Sono esistiti uomini, disseminati lungo le ronde del divenire, che sembrano essere nati per adempiere a un compito sacrale e, per le rispettive epoche, rivoluzionario. Non si tratta di ministri di culto, perlomeno non nella stretta accezione del termine: essi sono piuttosto visionari, veggenti e poeti. Già Giorgio Colli, in La nascita della filosofia e Apollineo e dionisiaco, ha dimostrato come tanto la poesia quanto la filosofia ellenica furono dirette discendenti dell’arte della mantica, figlie di secondo letto dell’incontro col Divino e con il suo enigma imperscrutabile: poeti e filosofi ricevettero così in eredità la sapienza degli iatromanti.

William Butler Yeats, insieme ad altri che lo precedettero (Blake, Keats, Shelley), merita di entrare di diritto in questo pantheon di anime al di sopra del tempo. L’intera sua opera — e prima ancora l’intera sua esistenza — fu consacrata a una Visione: risalendo in direzione contraria la corrente, egli si fece bardo in un’epoca che aveva bandito ogni carme, dimenticato Arcadia, negato e ridicolizzato la conoscenza degli antichi Druidi.

Yeats
William Butler Yeats

Yeats era della convinzione che magia e poesia fossero nate insieme, fondando la propria efficacia sulla più grande di tutte le forze, il simbolo, che «viene usato sia, coscientemente, dai maghi, che, meno coscientemente, dai loro successori, poeti, musicisti e pittori» (Oliva, 1998). La parola poetica viene vista così come l’aggiornamento dei suoni prodotti dai maghi per gettare incantesimi: ne consegue che spetterà al poeta privilegiare certe soluzioni ritmiche e metriche per raggiungere quell’equilibrio «tra il sonno e la veglia» da cui «scaturisce il simbolo, e per suo tramite la rivelazione» (Oliva, 1998).

Successore di Blake e in qualche modo anticipatore della psicologia del profondo jungiana, Yeats seppe elevare il mondo imaginale alla sacralità che gli spetta di diritto e che aveva perduto ormai dalla fine del Medioevo, prima con l’avvento dell’Illuminismo, poi con il razionalismo e infine con lo scientismo e la rivoluzione industriale.
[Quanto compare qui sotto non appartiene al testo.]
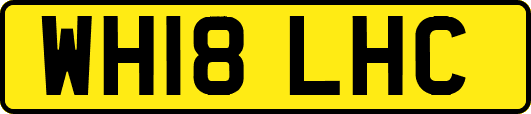 WH18LHC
L’universo diventa così — come per gli alchimisti medievali — un enigma cifrato, che il poeta, così come anticamente il mago, deve penetrare con l’intuizione e tradurre in versi per il suo pubblico (ma prima ancora per se stesso).

«Il simbolo è riportato quindi al significato etimologico di “concetto che unisce”, e risulta intimamente legato alla sfera del sacro, di cui esso è espressione […]. Il mito e il simbolo diventano così il bandolo su cui tessere la trama umana, e a cui poeti e visionari attingono per enunciare le loro verità» (Gallesi, 1990).

La risoluzione di questo mysterium tremendum passa per l’accesso a quella che Yeats denominava la “Grande Memoria”, una sorta di anima mundi dei neoplatonici o di mundus imaginalis come inteso da Corbin in Corpo spirituale e Terra celeste, sede dell’inconscio collettivo, «serbatoio d’anime e d’immagini e punto d’incontro tra i vivi e i morti» (una teoria probabilmente mutuata dalla tradizione gaelico-celtica dei fairies), in cui è contenuto il seme di ogni cosa. La Grande Memoria, come il registro akashico della tradizione indù, serba ricordo di ogni manifestazione della storia ciclica: accedere a essa equivale quindi ad annullare i limiti spazio-temporali in vigore nel mondo sublunare, essendo il passato e il futuro contenuti “in seme” nella sua immensità sconfinata.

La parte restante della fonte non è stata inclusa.